Available data:
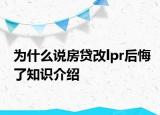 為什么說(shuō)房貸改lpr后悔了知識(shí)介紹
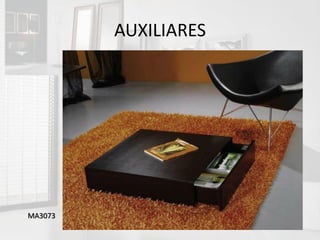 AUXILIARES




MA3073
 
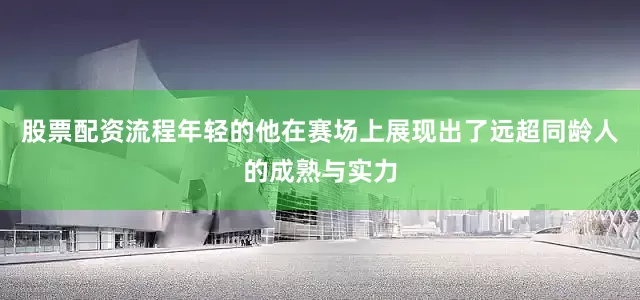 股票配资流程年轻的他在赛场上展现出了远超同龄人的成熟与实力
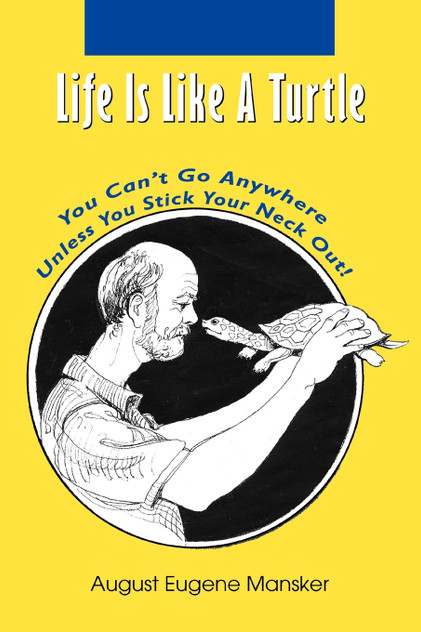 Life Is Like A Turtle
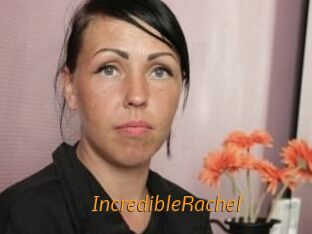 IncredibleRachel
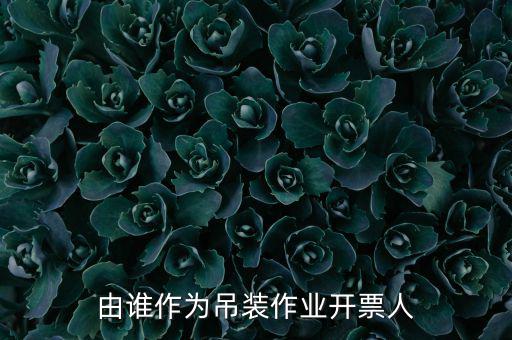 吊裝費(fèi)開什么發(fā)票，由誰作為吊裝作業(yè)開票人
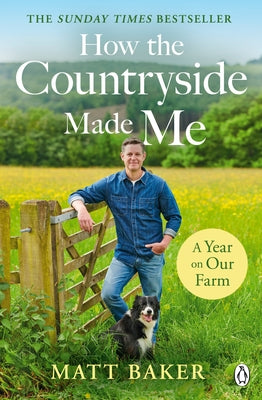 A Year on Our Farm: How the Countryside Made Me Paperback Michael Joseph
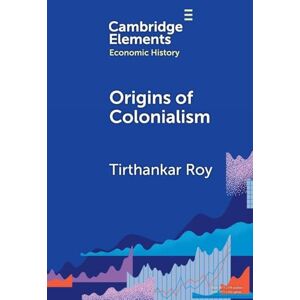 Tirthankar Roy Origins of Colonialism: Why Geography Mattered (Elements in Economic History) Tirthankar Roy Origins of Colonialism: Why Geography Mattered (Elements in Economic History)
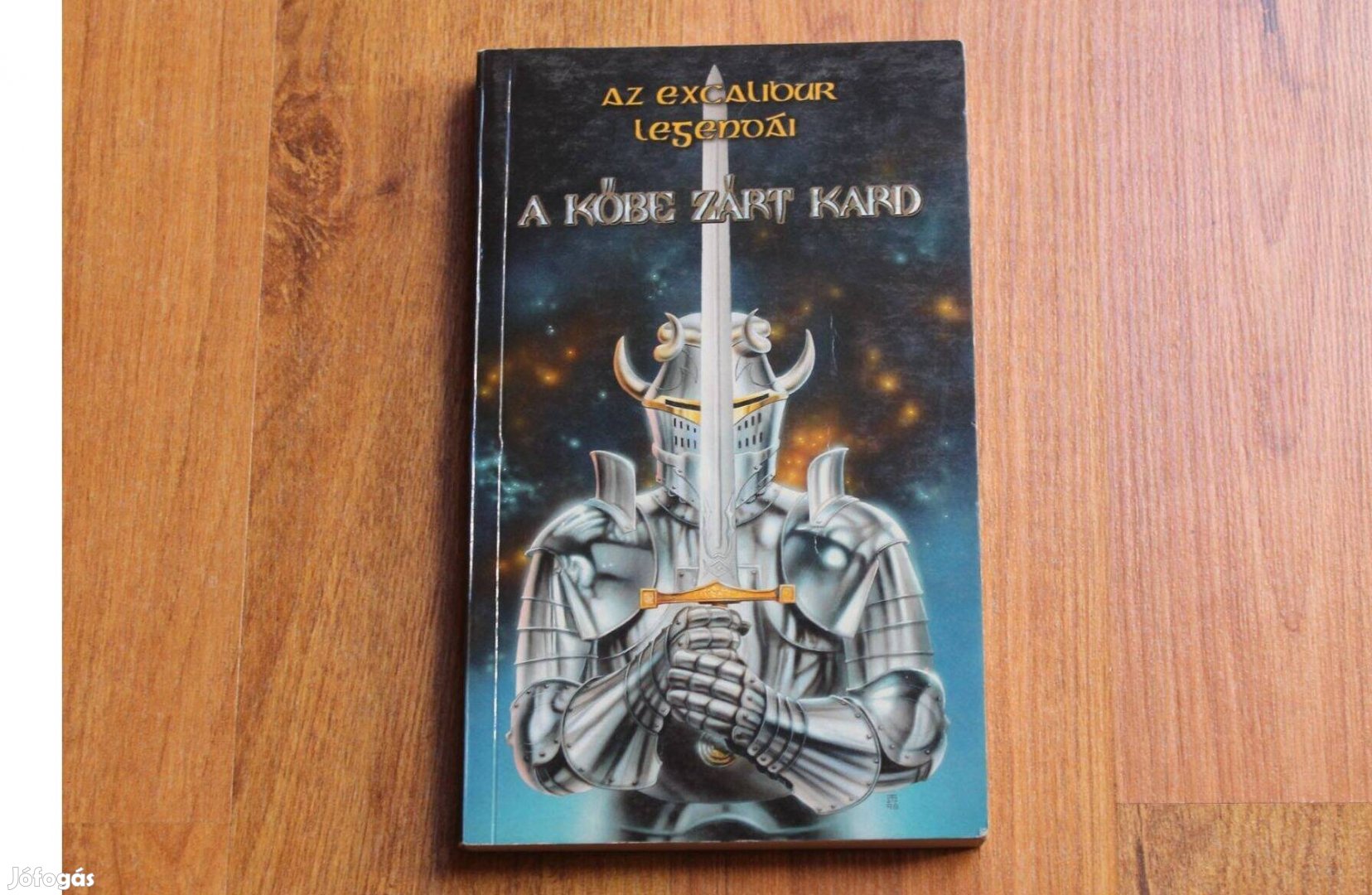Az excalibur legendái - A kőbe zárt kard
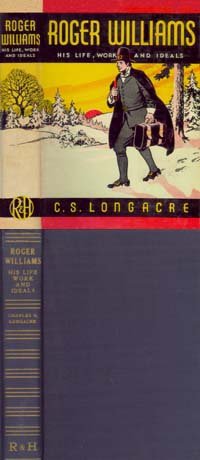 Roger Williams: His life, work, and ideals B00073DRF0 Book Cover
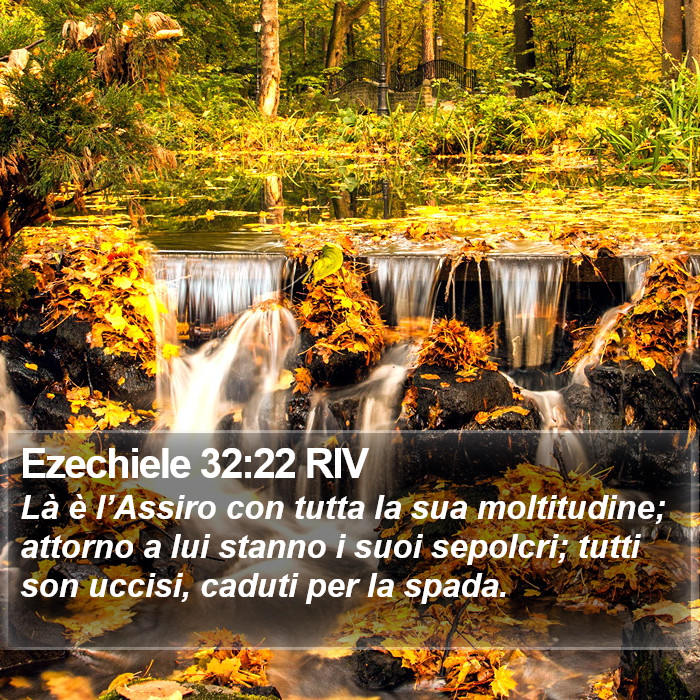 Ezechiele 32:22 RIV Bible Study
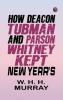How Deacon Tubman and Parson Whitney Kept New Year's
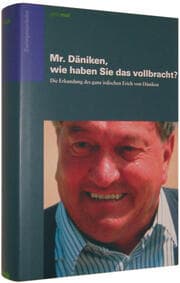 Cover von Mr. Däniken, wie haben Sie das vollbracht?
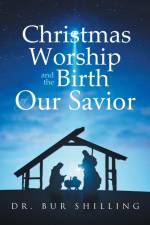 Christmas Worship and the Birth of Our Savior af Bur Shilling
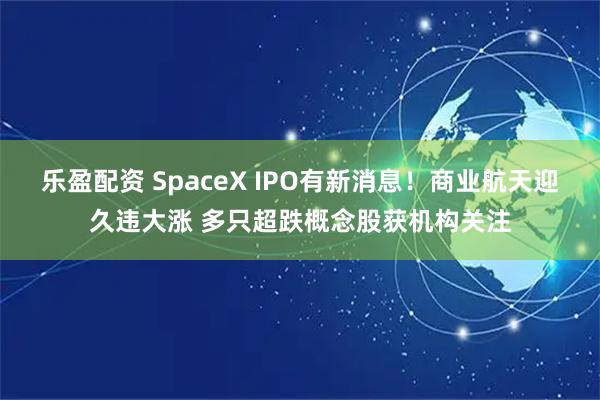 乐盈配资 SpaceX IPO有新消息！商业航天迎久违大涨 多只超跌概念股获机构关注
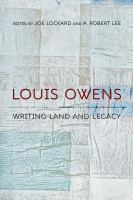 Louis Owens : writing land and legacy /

Work instructions: Return every record exactly, without the pictures.

Problem solution:
 為什么說(shuō)房貸改lpr后悔了知識(shí)介紹
 AUXILIARES




MA3073
 
 股票配资流程年轻的他在赛场上展现出了远超同龄人的成熟与实力
 Life Is Like A Turtle
 IncredibleRachel
 吊裝費(fèi)開什么發(fā)票，由誰作為吊裝作業(yè)開票人
 A Year on Our Farm: How the Countryside Made Me Paperback Michael Joseph
 Tirthankar Roy Origins of Colonialism: Why Geography Mattered (Elements in Economic History) Tirthankar Roy Origins of Colonialism: Why Geography Mattered (Elements in Economic History)
Az excalibur legendái - A kőbe zárt kard
 Roger Williams: His life, work, and ideals B00073DRF0 Book Cover
 Ezechiele 32:22 RIV Bible Study
How Deacon Tubman and Parson Whitney Kept New Year's
 Cover von Mr. Däniken, wie haben Sie das vollbracht?
 Christmas Worship and the Birth of Our Savior af Bur Shilling
 乐盈配资 SpaceX IPO有新消息！商业航天迎久违大涨 多只超跌概念股获机构关注
 Louis Owens : writing land and legacy /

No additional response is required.